Find the line with "Marina Apartment Parking" in the entries below, then output every line from it down to the line with "Pair Of Elliott's", exactly and with no pictures.

START INPUT RECORDS

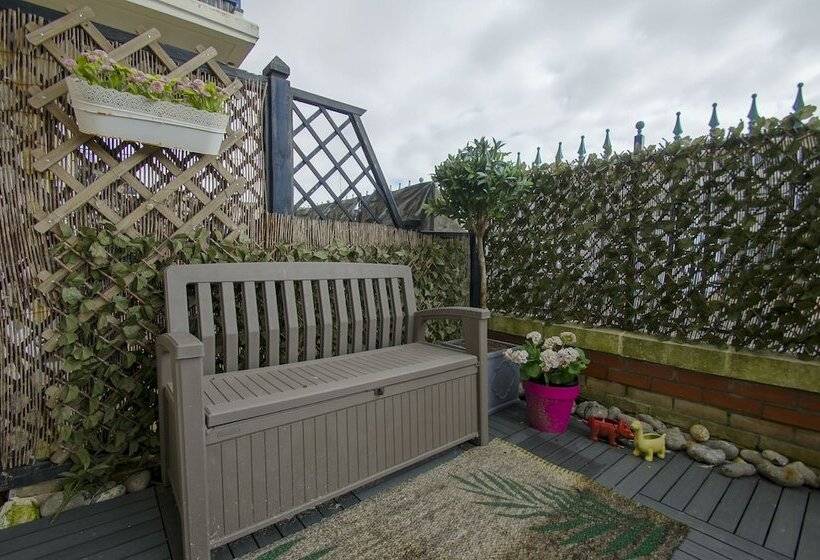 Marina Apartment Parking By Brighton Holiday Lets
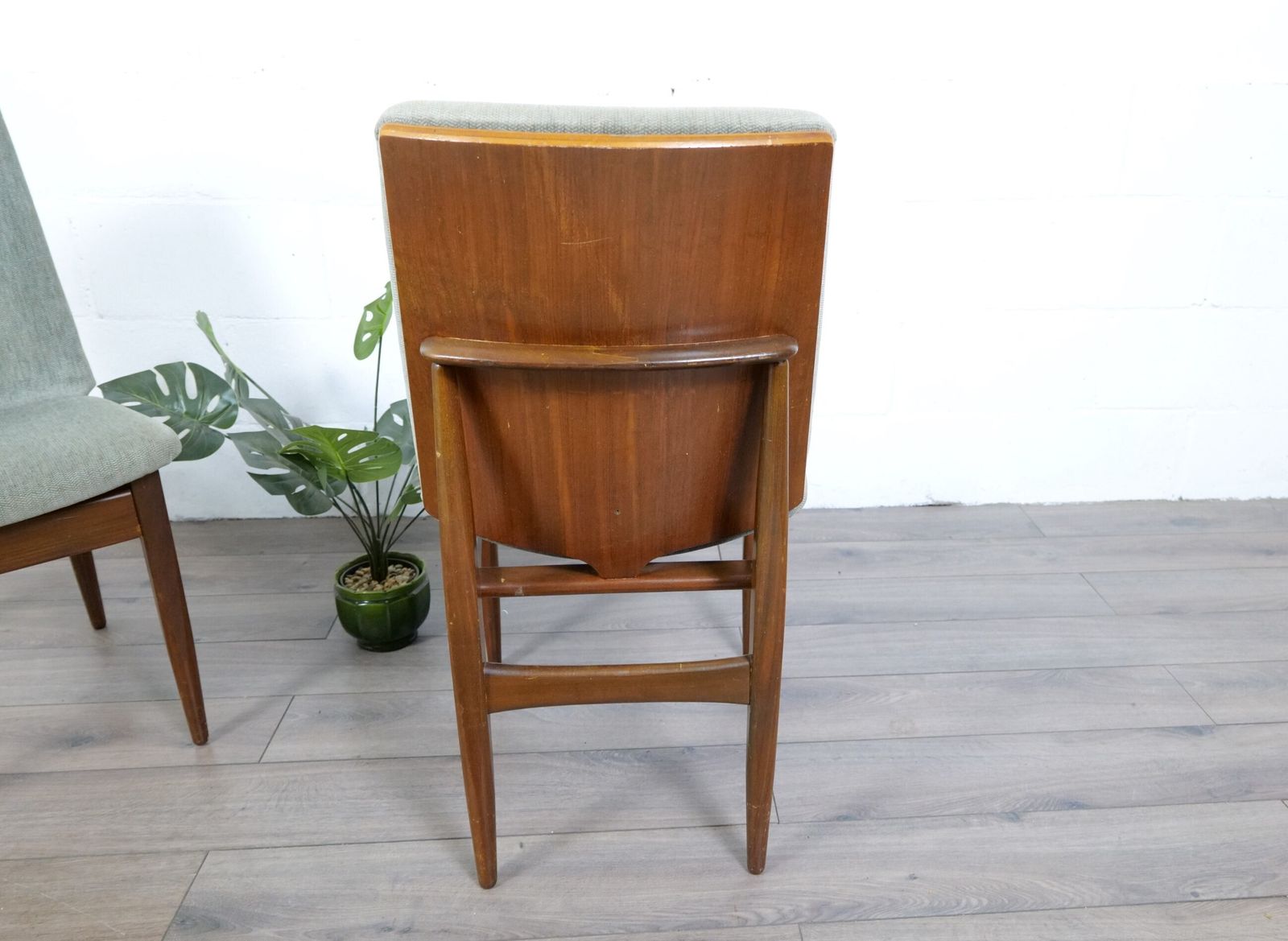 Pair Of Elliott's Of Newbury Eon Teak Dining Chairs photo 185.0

END INPUT RECORDS
START INPUT RECORDS

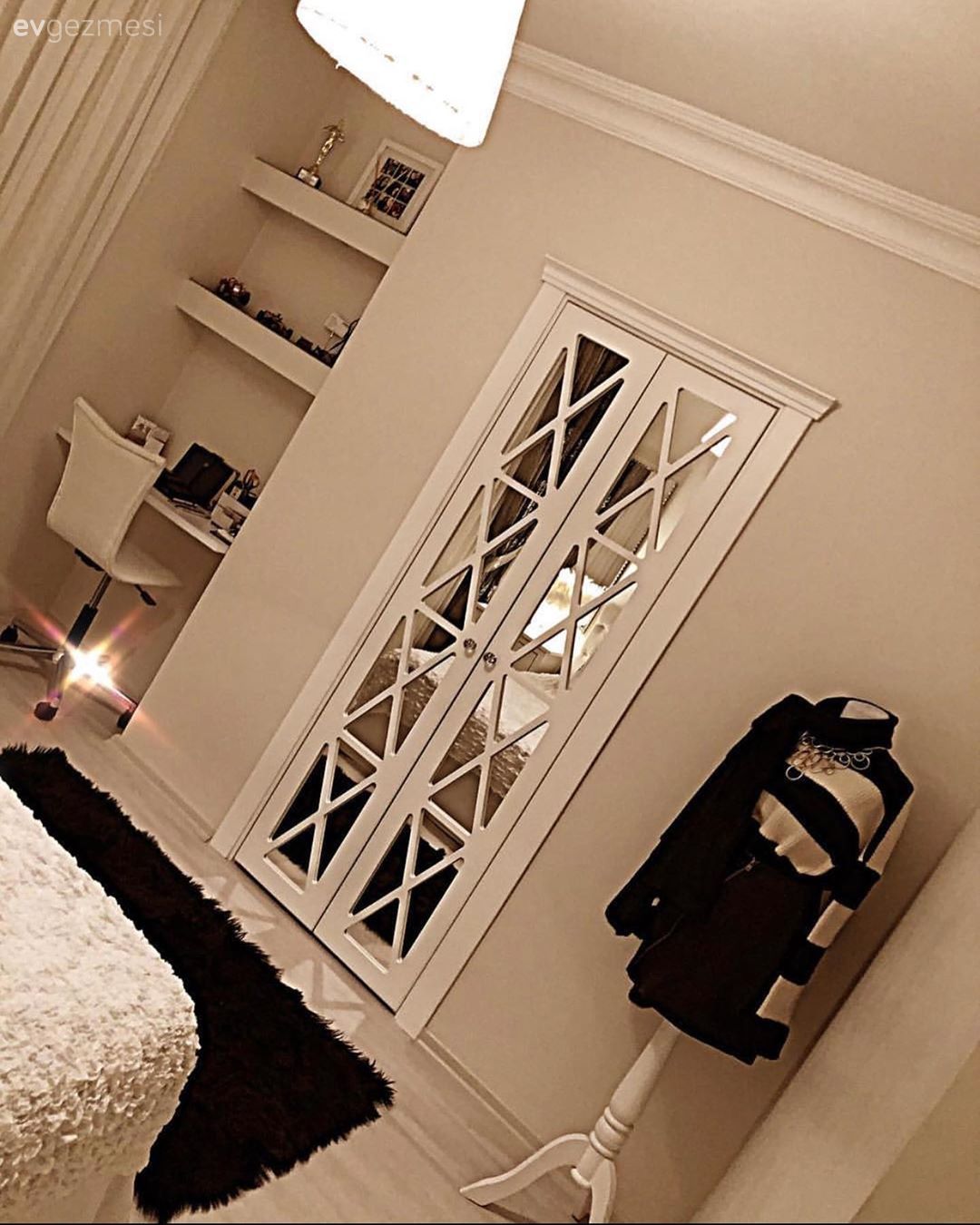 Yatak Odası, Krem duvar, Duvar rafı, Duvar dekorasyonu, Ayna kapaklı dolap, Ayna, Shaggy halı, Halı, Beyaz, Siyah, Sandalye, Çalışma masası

END INPUT RECORDS

_SOLVED EXERCISE_:
 Marina Apartment Parking By Brighton Holiday Lets
 Pair Of Elliott's Of Newbury Eon Teak Dining Chairs photo 185.0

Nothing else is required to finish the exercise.